Ketiadaannya sekarang membuat komunitas-komunitas itu lebih rentan. Ekstremis pemukim segera menyadari signifikansi hilangnya dia. Setelah kabar penahanannya muncul, akun media sosial yang terkait dengan kelompok kekerasan Hilltop Youth merayakannya, menyebut penahanan administratif sebagai “solusi sementara”.
Seorang pengguna secara terbuka menyerukan eksekusinya, menulis bahwa “satu peluru yang harganya kurang dari dua shekel” akan menyelesaikan masalah. Yang lain menuntut agar ia diusir ke Gaza, dengan tambahan, “Dengan Ben-Gvir yang memimpin, kita tidak perlu khawatir lagi.”

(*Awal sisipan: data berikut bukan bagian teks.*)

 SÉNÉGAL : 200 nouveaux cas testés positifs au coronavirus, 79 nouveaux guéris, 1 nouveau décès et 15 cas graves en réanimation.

Dampaknya terhadap keluarganya sangat menghancurkan. Putri bungsunya, Rina, baru merayakan ulang tahun pertamanya dua minggu sebelum dia ditangkap. “Ibu kami hidup dalam ketakutan terus-menerus, dan anak-anaknya, terutama Rina, tidak mengerti mengapa ayah mereka tiba-tiba menghilang,” kata Belal.

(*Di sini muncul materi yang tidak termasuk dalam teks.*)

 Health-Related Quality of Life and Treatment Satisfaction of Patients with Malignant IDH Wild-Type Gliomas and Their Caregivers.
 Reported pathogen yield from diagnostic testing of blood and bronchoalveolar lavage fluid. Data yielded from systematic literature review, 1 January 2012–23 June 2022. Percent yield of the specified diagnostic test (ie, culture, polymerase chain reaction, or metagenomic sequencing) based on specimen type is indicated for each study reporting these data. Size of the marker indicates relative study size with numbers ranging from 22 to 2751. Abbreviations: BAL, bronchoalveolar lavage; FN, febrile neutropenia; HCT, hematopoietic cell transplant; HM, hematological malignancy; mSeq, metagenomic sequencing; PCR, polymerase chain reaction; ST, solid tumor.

Kekhawatiran terdalam mereka adalah sifat tanpa batas dari penahanan administratif. Perintah awal berlangsung enam bulan, tetapi dapat diperpanjang tanpa batas. Ayman mungkin tidak akan segera bertemu hakim. Bukti terhadapnya tidak akan ditunjukkan kepadanya. Pembebasannya sepenuhnya tidak terduga.
“Kami hanya ingin dia diperlakukan secara manusiawi dan diberikan hak-hak hukum dasar. Dan kami ingin dunia tahu mengapa dia dihukum: karena dia menunjukkan kebenaran.”
Bagi orang-orang di Lembah Yordan, ketiadaan Ayman telah banyak mengubah keadaan menjadi lebih buruk.
“Kami sangat percaya bahwa perhatian internasional penting untuk melindungi Ayman dan aktivis lainnya,” kata Belal.
“Perhatian itu mungkin menjadi satu-satunya hal yang menjaga mereka tetap hidup.”